At that moment Tariq returned and squatted beside Hector.

'The man we discussed has brought the bus and the guns for you to see.'

The bus was parked among a dozen others at the far end of the campground. It was a sturdy TATA, built in India many years before. At a glance it was obvious that it had lived a hard life. It was almost indistinguishable from any of the other buses parked around it, except only in that it was not heaped high with passenger goods and chattels. Tariq introduced Hector to the owner. After they had gone through the elaborate ritual of greeting, Hector walked around the bus. Three of the windows were cracked and one was missing completely. Hector knelt down to look under the engine. Black oil dripped from the sump, but not in copious amounts. The engine bonnet was held in place with baling wire. Hector opened it and checked the oil level with the dipstick. It was almost full, as was the water in the radiator - clearly recently replenished for his benefit. He climbed up into the driver's seat and disengaged the fuel cut-off plunger. Next he turned the starter key to heat and waited for the light to show on the panel, then he turned the key to ignition. The engine turned over sluggishly but did not fire. The owner had followed him into the cab.

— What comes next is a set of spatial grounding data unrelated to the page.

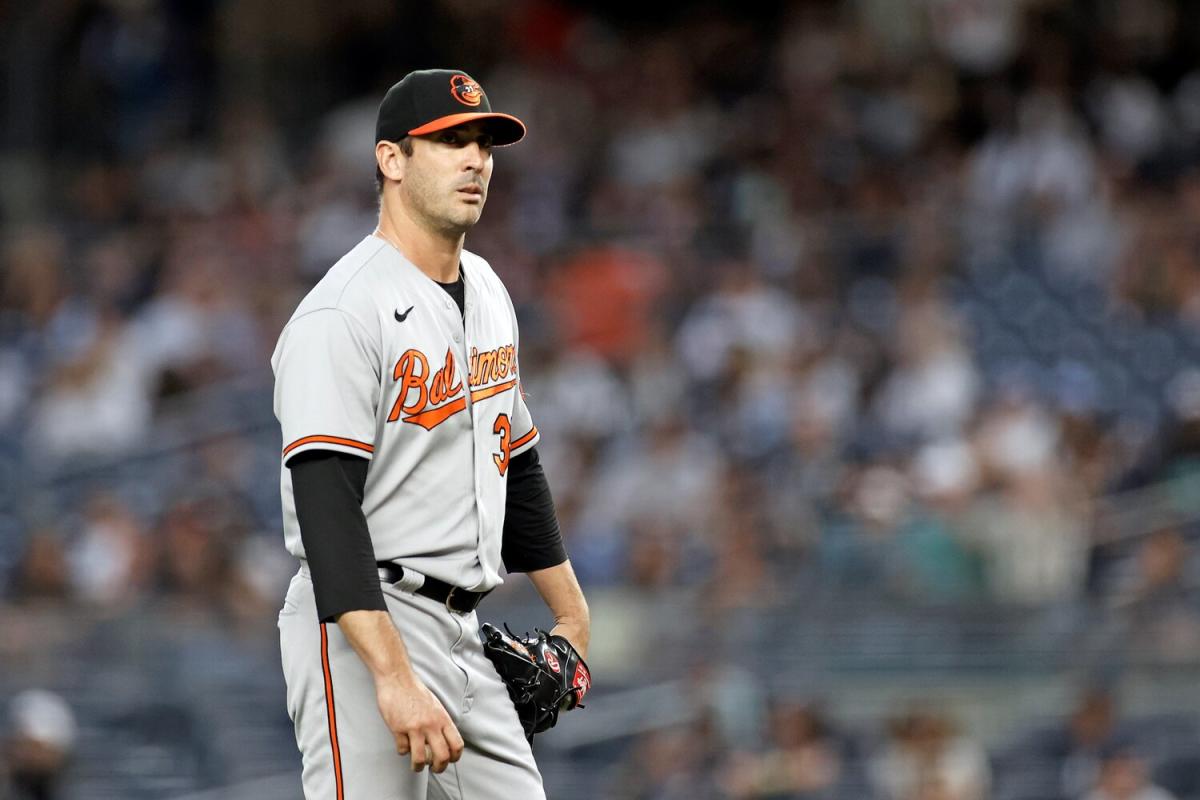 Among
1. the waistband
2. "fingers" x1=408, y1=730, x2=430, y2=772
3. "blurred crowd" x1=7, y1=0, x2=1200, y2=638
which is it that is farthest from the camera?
"blurred crowd" x1=7, y1=0, x2=1200, y2=638

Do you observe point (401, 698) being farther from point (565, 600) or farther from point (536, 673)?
point (565, 600)

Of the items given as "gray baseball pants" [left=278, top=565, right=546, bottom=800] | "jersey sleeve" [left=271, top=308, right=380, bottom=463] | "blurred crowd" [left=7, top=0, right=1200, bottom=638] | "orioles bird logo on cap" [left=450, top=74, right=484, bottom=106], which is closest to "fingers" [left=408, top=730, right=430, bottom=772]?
"gray baseball pants" [left=278, top=565, right=546, bottom=800]

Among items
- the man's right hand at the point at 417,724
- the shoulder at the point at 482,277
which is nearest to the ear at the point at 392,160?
the shoulder at the point at 482,277

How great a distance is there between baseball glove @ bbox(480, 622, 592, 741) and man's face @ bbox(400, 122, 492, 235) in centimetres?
78

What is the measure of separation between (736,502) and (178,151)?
579 centimetres

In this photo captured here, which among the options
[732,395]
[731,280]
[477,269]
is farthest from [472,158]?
[731,280]

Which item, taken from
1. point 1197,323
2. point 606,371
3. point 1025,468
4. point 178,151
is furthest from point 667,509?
point 178,151

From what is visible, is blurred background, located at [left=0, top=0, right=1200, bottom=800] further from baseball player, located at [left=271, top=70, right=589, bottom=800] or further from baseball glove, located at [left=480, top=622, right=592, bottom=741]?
baseball player, located at [left=271, top=70, right=589, bottom=800]

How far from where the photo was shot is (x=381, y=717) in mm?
3453

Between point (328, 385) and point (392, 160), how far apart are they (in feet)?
1.58

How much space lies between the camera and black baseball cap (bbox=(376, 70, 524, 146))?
3.56 m

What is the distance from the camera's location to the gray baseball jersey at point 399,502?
11.3 ft

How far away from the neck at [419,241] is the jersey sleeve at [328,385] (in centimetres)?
26

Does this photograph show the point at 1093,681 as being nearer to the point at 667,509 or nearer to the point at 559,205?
the point at 667,509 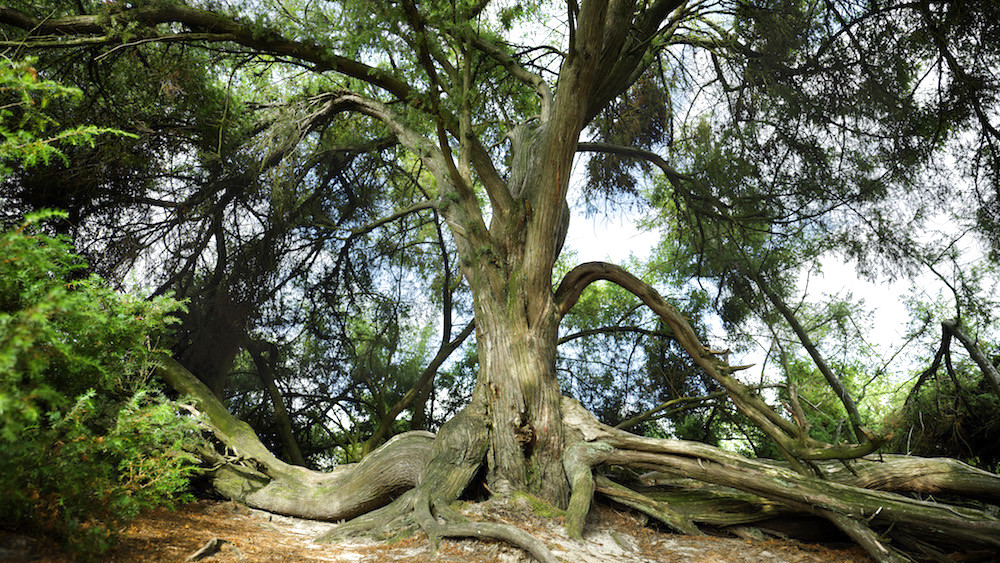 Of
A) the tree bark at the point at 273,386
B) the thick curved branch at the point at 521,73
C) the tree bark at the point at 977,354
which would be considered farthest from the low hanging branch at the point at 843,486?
the tree bark at the point at 273,386

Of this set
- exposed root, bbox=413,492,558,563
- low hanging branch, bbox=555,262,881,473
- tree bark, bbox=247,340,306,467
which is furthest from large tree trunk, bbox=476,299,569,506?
tree bark, bbox=247,340,306,467

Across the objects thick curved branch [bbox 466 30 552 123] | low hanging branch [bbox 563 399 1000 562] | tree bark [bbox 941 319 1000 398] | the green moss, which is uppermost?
thick curved branch [bbox 466 30 552 123]

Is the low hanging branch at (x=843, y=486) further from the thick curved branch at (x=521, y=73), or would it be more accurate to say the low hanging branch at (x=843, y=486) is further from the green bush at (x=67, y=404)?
the thick curved branch at (x=521, y=73)

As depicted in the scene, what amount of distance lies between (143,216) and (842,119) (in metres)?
7.27

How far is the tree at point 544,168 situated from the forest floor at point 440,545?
18 centimetres

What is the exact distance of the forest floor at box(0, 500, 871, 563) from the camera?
307 cm

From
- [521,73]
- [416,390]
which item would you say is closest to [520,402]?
[416,390]

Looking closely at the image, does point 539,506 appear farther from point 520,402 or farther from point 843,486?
point 843,486

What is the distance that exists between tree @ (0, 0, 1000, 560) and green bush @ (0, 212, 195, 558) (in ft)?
5.96

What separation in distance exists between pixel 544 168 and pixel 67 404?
12.8 ft

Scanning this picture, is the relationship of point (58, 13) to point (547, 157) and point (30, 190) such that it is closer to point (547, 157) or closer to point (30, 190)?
point (30, 190)

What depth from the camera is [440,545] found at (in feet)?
11.7

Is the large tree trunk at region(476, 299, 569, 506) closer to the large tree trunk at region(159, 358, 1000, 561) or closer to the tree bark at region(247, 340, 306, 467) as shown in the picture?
the large tree trunk at region(159, 358, 1000, 561)

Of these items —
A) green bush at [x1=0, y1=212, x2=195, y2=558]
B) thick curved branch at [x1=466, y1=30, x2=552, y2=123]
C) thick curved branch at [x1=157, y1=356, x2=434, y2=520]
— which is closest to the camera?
green bush at [x1=0, y1=212, x2=195, y2=558] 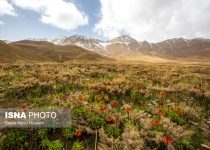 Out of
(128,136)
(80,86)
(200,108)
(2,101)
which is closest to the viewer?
(128,136)

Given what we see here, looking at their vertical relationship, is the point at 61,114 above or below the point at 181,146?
above

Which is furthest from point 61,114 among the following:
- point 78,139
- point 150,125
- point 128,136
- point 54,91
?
point 54,91

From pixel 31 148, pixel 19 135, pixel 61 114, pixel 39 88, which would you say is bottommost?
pixel 31 148

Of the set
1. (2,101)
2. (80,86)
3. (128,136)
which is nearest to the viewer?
(128,136)

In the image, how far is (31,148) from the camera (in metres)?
3.11

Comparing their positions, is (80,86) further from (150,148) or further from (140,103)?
(150,148)

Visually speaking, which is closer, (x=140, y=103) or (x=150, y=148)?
(x=150, y=148)

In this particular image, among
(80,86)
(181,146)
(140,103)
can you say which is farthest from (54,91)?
(181,146)

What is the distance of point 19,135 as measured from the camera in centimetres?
323

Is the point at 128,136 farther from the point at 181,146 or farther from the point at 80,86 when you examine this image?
the point at 80,86

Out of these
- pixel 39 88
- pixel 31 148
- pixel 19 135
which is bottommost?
pixel 31 148

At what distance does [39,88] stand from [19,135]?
3827 millimetres

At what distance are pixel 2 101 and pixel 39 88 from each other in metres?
1.67

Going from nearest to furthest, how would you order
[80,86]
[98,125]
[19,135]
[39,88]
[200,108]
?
[19,135], [98,125], [200,108], [39,88], [80,86] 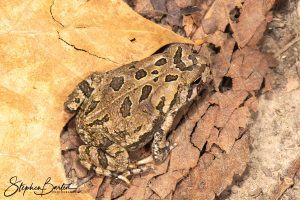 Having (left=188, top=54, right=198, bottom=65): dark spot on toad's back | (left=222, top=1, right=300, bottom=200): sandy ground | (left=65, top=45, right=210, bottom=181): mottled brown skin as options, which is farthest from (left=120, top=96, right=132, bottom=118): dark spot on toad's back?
(left=222, top=1, right=300, bottom=200): sandy ground

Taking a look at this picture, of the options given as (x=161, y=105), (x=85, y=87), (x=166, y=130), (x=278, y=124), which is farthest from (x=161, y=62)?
(x=278, y=124)

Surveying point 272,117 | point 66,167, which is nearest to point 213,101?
point 272,117

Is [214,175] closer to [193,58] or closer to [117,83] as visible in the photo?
[193,58]

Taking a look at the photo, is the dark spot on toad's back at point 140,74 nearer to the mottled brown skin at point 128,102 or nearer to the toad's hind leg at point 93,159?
the mottled brown skin at point 128,102

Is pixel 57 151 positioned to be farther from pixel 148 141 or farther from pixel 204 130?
pixel 204 130

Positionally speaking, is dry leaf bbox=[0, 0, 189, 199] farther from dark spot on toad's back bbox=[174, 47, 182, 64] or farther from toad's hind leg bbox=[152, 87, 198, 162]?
toad's hind leg bbox=[152, 87, 198, 162]

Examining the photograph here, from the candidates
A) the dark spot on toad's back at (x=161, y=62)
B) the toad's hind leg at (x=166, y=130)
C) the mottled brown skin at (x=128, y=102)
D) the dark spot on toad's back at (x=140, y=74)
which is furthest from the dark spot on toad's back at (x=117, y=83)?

'If you will permit me, Effendi?' Hector relinquished the seat to him. The owner began a practised routine with the throttle and starter key. At last the engine fired, backfired and farted before dying again. Unperturbed the owner repeated the procedure and at last the engine fired more convincingly, almost died, backfired again and then caught and ran up strongly. The owner beamed triumphantly. Hector congratulated him then walked around the vehicle again. Blue smoke blew from the exhaust and water dripped from the same pipe.

Cracked block, Hector thought, and when he opened the bonnet again there was loud knocking from one of the cylinders. For an African bus it's in almost pristine condition. Should still be good for a few hundred miles, which is all I ask from it. For an African bus it's in almost pristine condition. Should still be good for a few hundred miles, which is all I ask from it.

Then he looked the owner in the eye and said, 'How much?'

'Five hundred Americani,' replied the man delicately.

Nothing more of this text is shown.